What Will Make the Cut in a Fiscal Cliff Deal?

As lawmakers try to reach (or avoid) a deal to avert the fiscal cliff, tax hikes aren’t the only things on their minds.  They’re also trying to negotiate a number of other legislative “priorities,” some of which have better chances of becoming part of the agreement than others.  One thing they all have in common though is they should be considered in the next Congress, not rammed through carelessly in any last-minute fiscal cliff deal lawmakers might strike.

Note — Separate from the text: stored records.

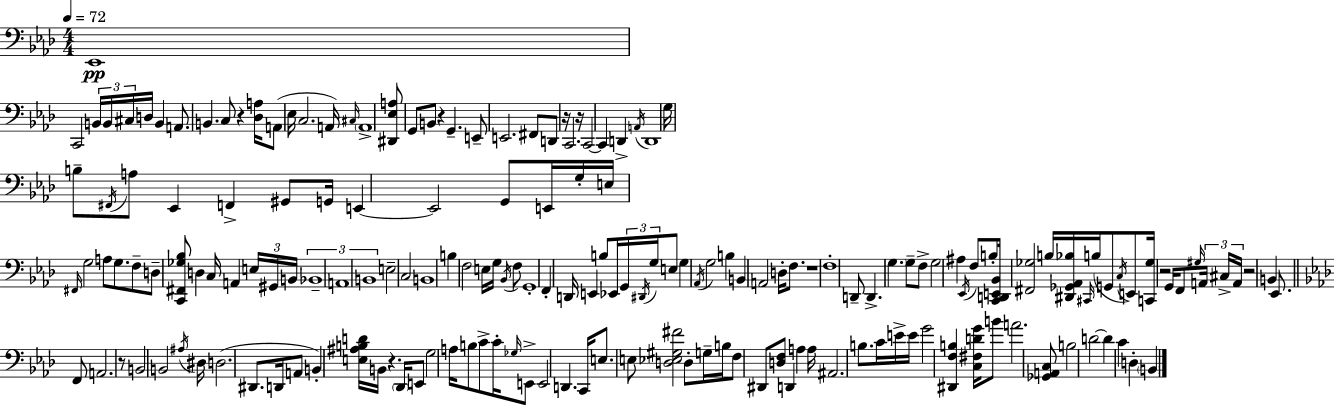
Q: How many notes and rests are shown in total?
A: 180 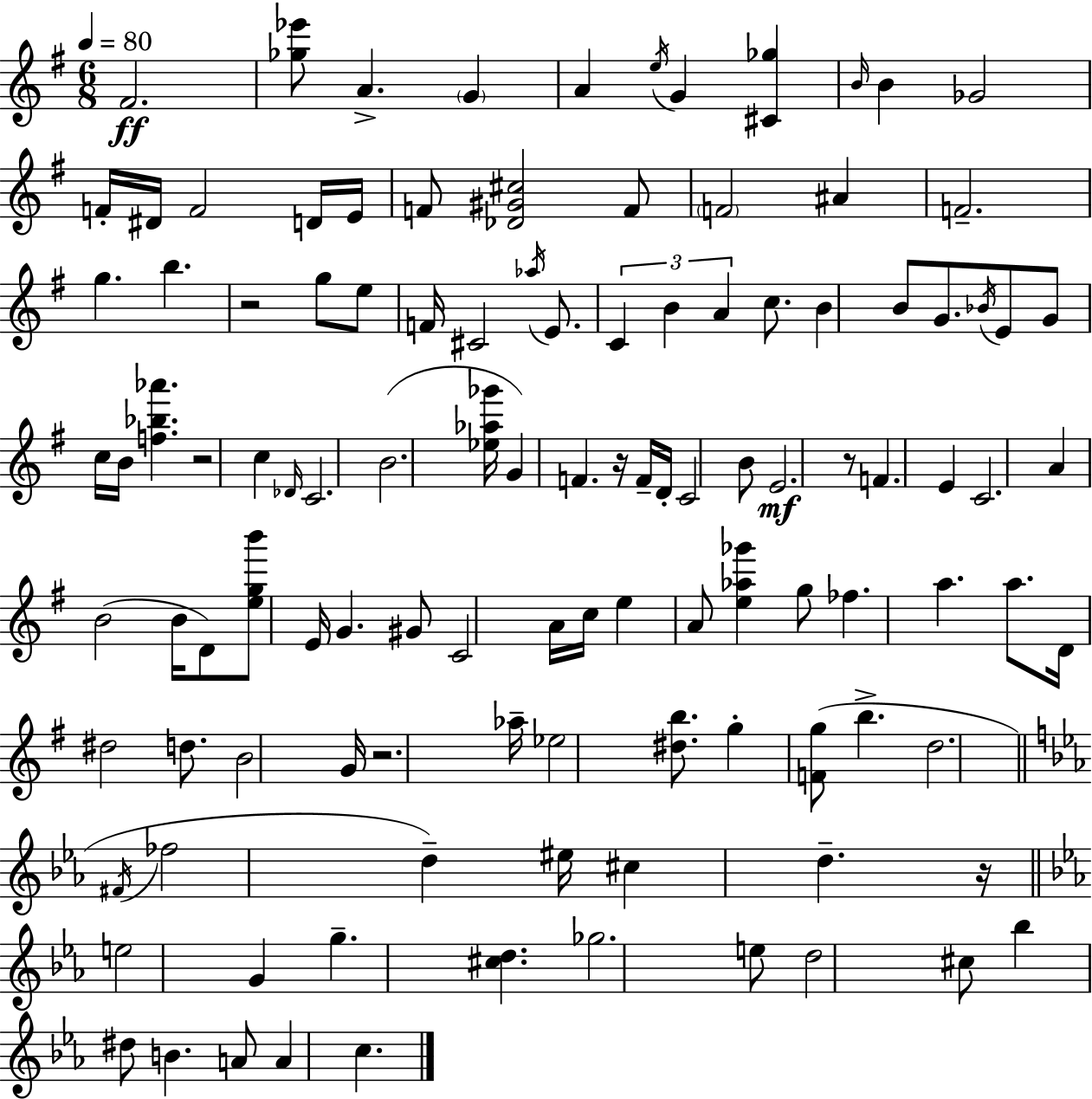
{
  \clef treble
  \numericTimeSignature
  \time 6/8
  \key g \major
  \tempo 4 = 80
  fis'2.\ff | <ges'' ees'''>8 a'4.-> \parenthesize g'4 | a'4 \acciaccatura { e''16 } g'4 <cis' ges''>4 | \grace { b'16 } b'4 ges'2 | \break f'16-. dis'16 f'2 | d'16 e'16 f'8 <des' gis' cis''>2 | f'8 \parenthesize f'2 ais'4 | f'2.-- | \break g''4. b''4. | r2 g''8 | e''8 f'16 cis'2 \acciaccatura { aes''16 } | e'8. \tuplet 3/2 { c'4 b'4 a'4 } | \break c''8. b'4 b'8 | g'8. \acciaccatura { bes'16 } e'8 g'8 c''16 b'16 <f'' bes'' aes'''>4. | r2 | c''4 \grace { des'16 } c'2. | \break b'2.( | <ees'' aes'' ges'''>16 g'4) f'4. | r16 f'16-- d'16-. c'2 | b'8 e'2.\mf | \break r8 f'4. | e'4 c'2. | a'4 b'2( | b'16 d'8) <e'' g'' b'''>8 e'16 g'4. | \break gis'8 c'2 | a'16 c''16 e''4 a'8 <e'' aes'' ges'''>4 | g''8 fes''4. a''4. | a''8. d'16 dis''2 | \break d''8. b'2 | g'16 r2. | aes''16-- ees''2 | <dis'' b''>8. g''4-. <f' g''>8( b''4.-> | \break d''2. | \bar "||" \break \key ees \major \acciaccatura { fis'16 } fes''2 d''4--) | eis''16 cis''4 d''4.-- | r16 \bar "||" \break \key ees \major e''2 g'4 | g''4.-- <cis'' d''>4. | ges''2. | e''8 d''2 cis''8 | \break bes''4 dis''8 b'4. | a'8 a'4 c''4. | \bar "|."
}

Below, we’ve highlighted seven such “priorities”:

  1. VAWA: There has been pressure from the left to include the Violence Against Women Act (VAWA) as part of the fiscal cliff deal.  First enacted in 1994 with the intention of better protecting women from domestic violence, the most recent Senate reauthorization of VAWA “engages in mission creep by expanding VAWA to men and prisoners… and without precedent, the bill surrenders the rights of Americans who are not American Indians to racially exclusive tribal courts.”  Not only this, but there have been no scientifically rigorous evaluations of the effectiveness of this bill, and there has been no proof that it actually helps protect women against violence.  In this vein, historically and constitutionally, the police power is reserved to the states, which have laws to protect all citizens from crimes committed against them.  The goals of VAWA are a federal overreach; both in its original form and in its subsequent reauthorizations.
  2. Sandy Supplemental:  President Obama’s Sandy supplemental request is a whopping $60.4 billion.  We’ve expressed our strong opposition to the President’s funding request, since it contains altogether too much spending — far and above the amount actually needed to help victims — and the spending is not offset.  Moreover, there are a number of bogus items in the request that should rightfully be considered in the upcoming budget process – assuming Harry Reid engages in that process – during which lawmakers can be more circumspect about how useful and necessary these items are.
  3. Farm Bill: Some suggest that it’s unlikely a farm bill will be included as part of the potential fiscal cliff deal.  Proponents of the farm bill cite the threat of high milk prices as one of the main reasons for wanting to get the bill done sooner rather than later.  Yes, the decades-old “permanent law” is problematic – and presumably easy to repeal – but talking about problems with “permanent law” only serves to ignore the problems with the “temporary law” and “proposed law.”  One such problem contributing to farmers’ high production costs is the rising cost of feed, a problem lawmakers made worse with the ethanol mandate they imposed. So rather than continuing to provide farmers with taxpayer backed subsidies, they should eliminate the ethanol mandate.  They should also tackle food stamps, which have quadrupled over the past decade.
  4. Postal Bailout: Some folks are lamenting localized closures of the United States Postal Service (USPS) and say that the “usual suspects,” “hyperpartisan politics and ideological arrogance” are to blame for its imminent service cut backs.  The USPS is “indeed at a crisis point,” but there is a way out… that is, if Congress will allow it.  Each year, the USPS suffers great financial losses.  Rather than receive a government bailout, Heritage suggests that the USPS should “change its business model, eliminate expenses, and innovate to be competitive in the market place.”  Because of current laws, however, it is difficult for the USPS to close even its smaller, struggling facilities.  Rather than passing a postal bailout, which would result in the USPS becoming a “taxpayer-supported dinosaur existing on billions in taxpayer funding each year,” Congress should allow the USPS to reform itself.
  5. Wind Production Tax Credit: The wind lobby has been working hard to convince Congress to extend their wind tax credits before December 31.  This is ill advised, and odds are that this issue will not be addressed.  Heritage’s David Kreutzer explains that “[t]he wind production tax credit (PTC) has created an industry that produces overpriced, intermittent power, and it will continue to produce overpriced, intermittent power so as long as there is a PTC to pay for it.”
  6. Unemployment Benefits:  Unemployment Insurance (UI) benefits are also in the balance in fiscal cliff negotiations.  Heritage suggests that to deal properly with the UI program, Congress should maintain these benefits on humanitarian grounds, but shorten the period in which they are available, gradually phasing them out completely as unemployment returns to normal levels.  UI recipients should also be required to improve their skills while they are receiving UI benefits.
  7. National Infrastructure Bank:  Heritage’s Ronald D. Utt explains that such an institution would have limited benefits, and even those benefits could be “offset by the problems that could emerge from such entities.”  Many on the left, and even some on the right, view this as an economic stimulus, much like the Export-Import Bank, which is nothing more than a Fannie Mae for exporters.

When – or if – you hear word that a deal has been struck on the fiscal cliff, be wary.  You never know what else may be included at the last minute to garner scarce votes.